Bis vor ziemlich genau drei Jahren hatte ich immer wieder solche Stress-Anfälle. Ich wollte so viel tun und immer war ich zu langsam!

Und dann nahm ich an einem Schauspielseminar an der „Schule des Theaters“ in Wien teil – ich kann dir nicht einmal mehr sagen, um welches Thema es sich drehte, ich weiß nur, dass es Anfang/Mitte Juli war und ich bereits am berühmten Zahnfleisch ging. Ich war damals wirklich sehr fragil, kein bisschen weiter belastbar und das sind dann ja auch die Zeiten, in denen man endlich etwas für sich selbst tut. Die Trainerin war damals die großartige Gabrielle Scharnitzky, die zuletzt in der US-Serie Treadstone zu sehen war.

Und als wir nach einem langen Seminartag auch schon etwas ausgepowert zum Abschluss kamen und ich meinte, dass ich jetzt noch arbeiten werde müssen und eigentlich genau noch NULL Energiereserven übrig hätte, meinte sie:

„Zeit ist eine Illusion. Du hast für alles Zeit, wenn du im Hier und Jetzt bist.“

Und es war, als ob ein innerer Schalter der Erkenntnis umgefallen wäre.

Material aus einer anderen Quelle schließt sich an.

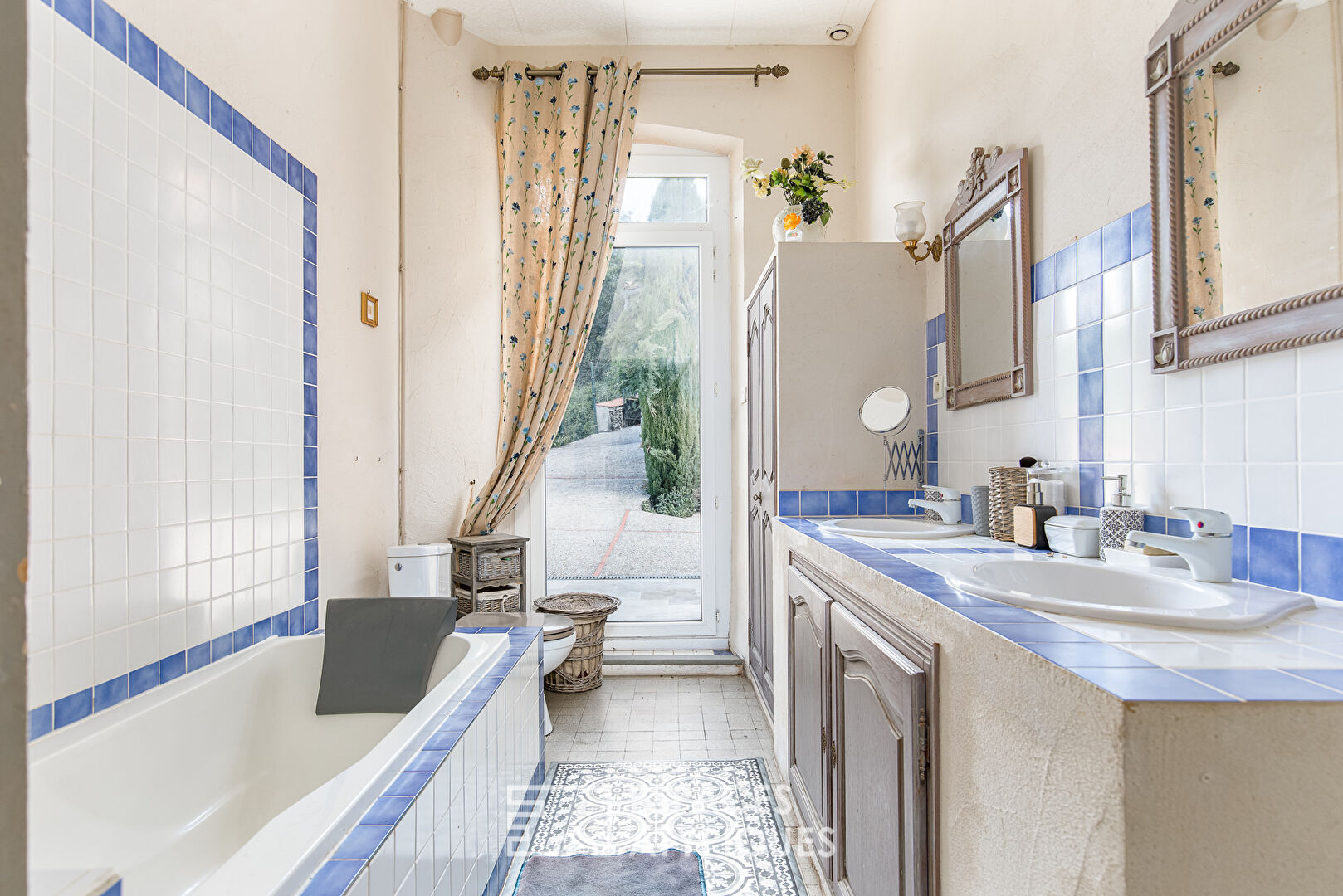 Mansion with swimming pool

Was uns Stress macht, ist nur der Blick in die Zukunft. Der Blick auf das, was noch zu tun ist, die Deadlines, die wir versäumen könnten.

Wenn wir allerdings darauf vertrauen, dass für alles genug Zeit vorhanden ist, dann macht sich plötzlich Entspannung breit. Ruhe.

Dann ist plötzlich alle Energie JETZT zur Verfügung. Kein bisschen wird für die Zukunft verschwendet, auf das, was wir JETZT ohnehin nicht kontrollieren können.

Dann sind auch plötzlich alle Sinne im Hier und Jetzt, ganz offen und bereit, Ressourcen wahrzunehmen. Damit wird unsere jeweilige Aufgabe automatisch leichter.

Seit diesem Moment habe ich keinen Stress mehr. Seit diesem Moment fügt sich immer irgendwie eins zum anderen. Ich habe das Gefühl, immer mehr schaffen zu können, bei immer weniger Kraftaufwand.

*

Kleine Anekdote am Rande: Seit Mitte der 90er Jahre steht ein Buch mit dem Titel „Zeit ist eine Illusion“ von Chris Griscom bei mir Regal. Die allererste Erstausgabe im Goldegg-Verlag. Ich habe es bis heute nicht gelesen. Manches muss man sich einfach selbst erarbeiten oder im richtigen Moment von einer guten Lehrerin sagen lassen, damit der Knopf aufgeht.